Using regular expression, I need to match everything except for a certain date format
Solution 1:
Let's work with this expression:
\d\d[.]\d\d[.]\d\d\d\d
If you are going to use the date value later, you're going to want to capture the matching part. You can do this by putting round brackets around it, like this:
(\d\d[.]\d\d[.]\d\d\d\d)
Now, let's try to match anything on a line, and then the date. "Any character" in regular expressions is .
and any number of these is .*
. So we now have:
(.*)(\d\d[.]\d\d[.]\d\d\d\d)
This will match anything and then the date. You will find that your "anything" is captured in group 1, and the date in group 2. If it doesn't match, there is no date on the line.
The problem comes when you have more than one date on the line.
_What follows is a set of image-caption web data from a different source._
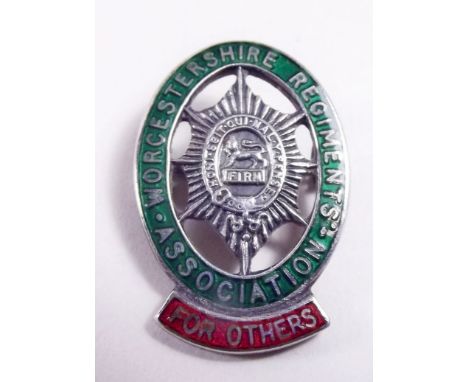 A silver Royal Worcester regimental badge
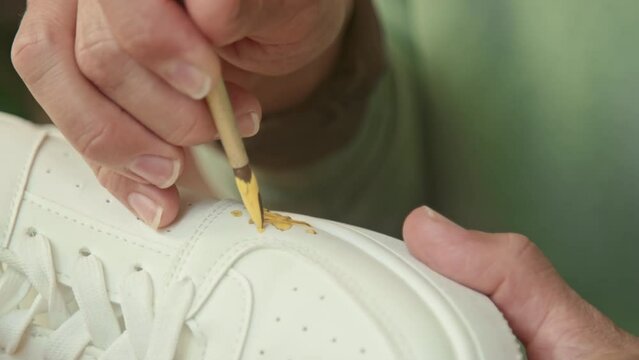 Extreme close up of hands of unrecognizable person holding paint brush and drawing yellow star on white sneaker indoor at daytime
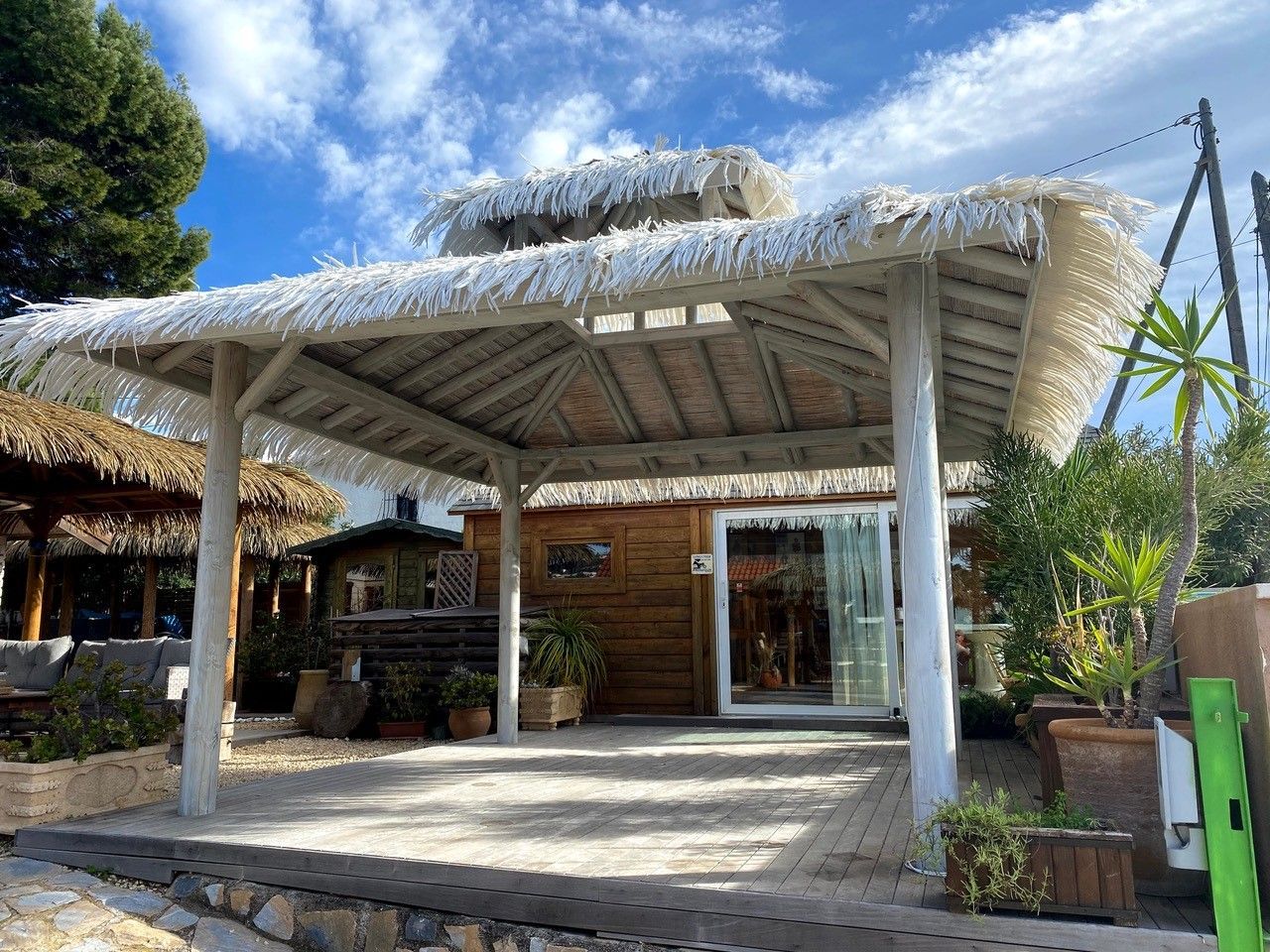 A wooden building with a thatched roof and a sliding glass door.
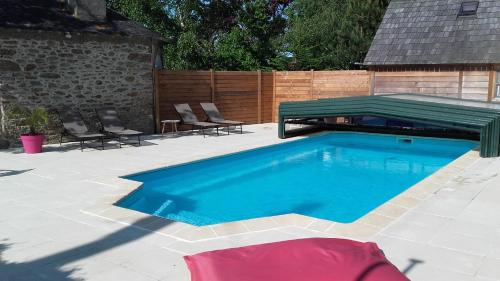 a swimming pool with a green cover on a patio at Les Roulottes de la Baronnie in Saint Malo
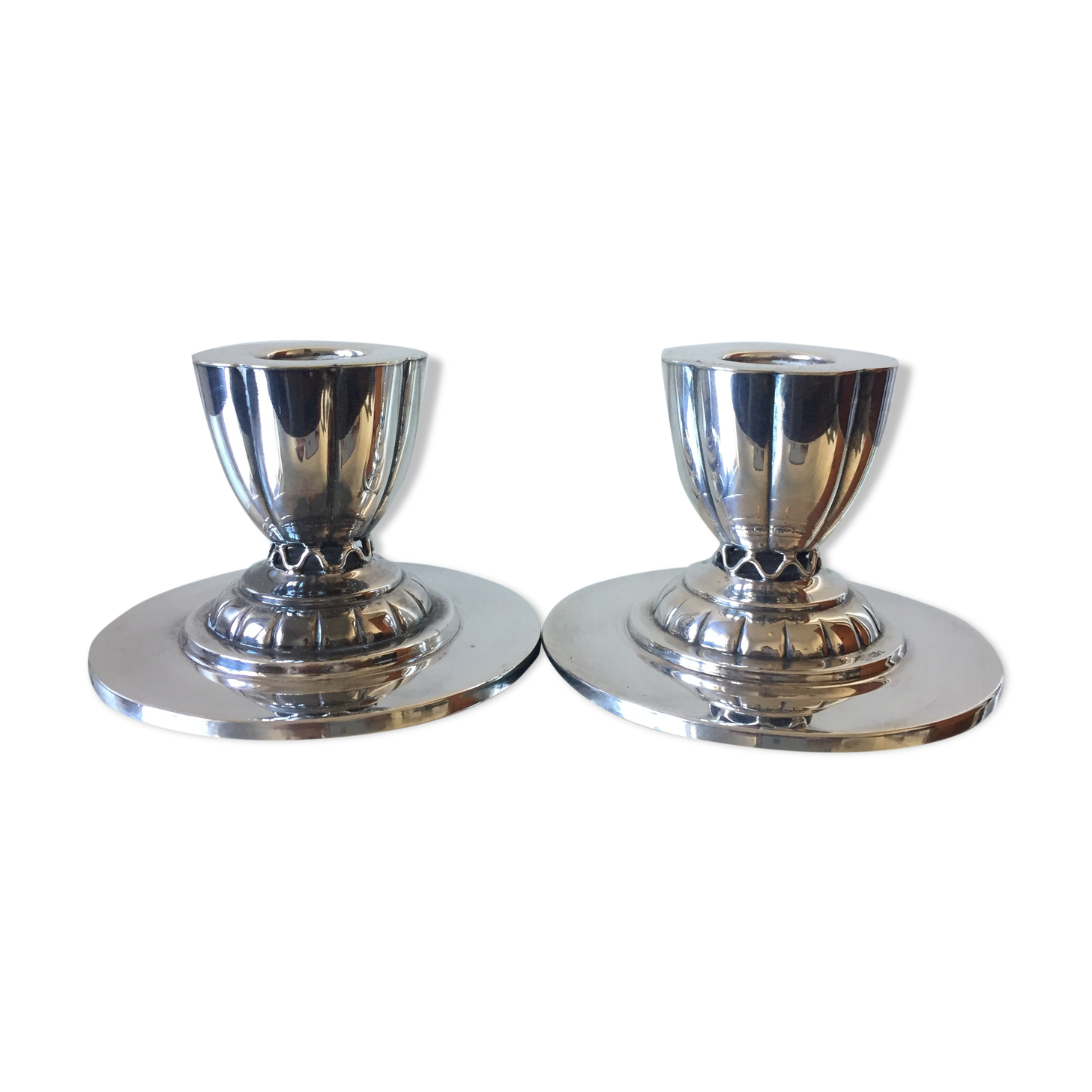 Paire de porte-bougies plaqués en argent art déco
By preference anything is a much as possible, so if there are two dates, you'll find one of them as part of the group 1 (anything) and the second in group 2. If this isn't what you want, you can put a ?
after the *
to make it non-greedy, and you get this:
(.*?)(\d\d[.]\d\d[.]\d\d\d\d)
and then, if it matches, group 2 will be the first date available, and group 1 will be the stuff on the line before it.
Lastly, you can use whichever language you are using to apply this repeatedly to a line until it doesn't match: that way each time you will get "the stuff before the date" in group 1, and the date in group 2.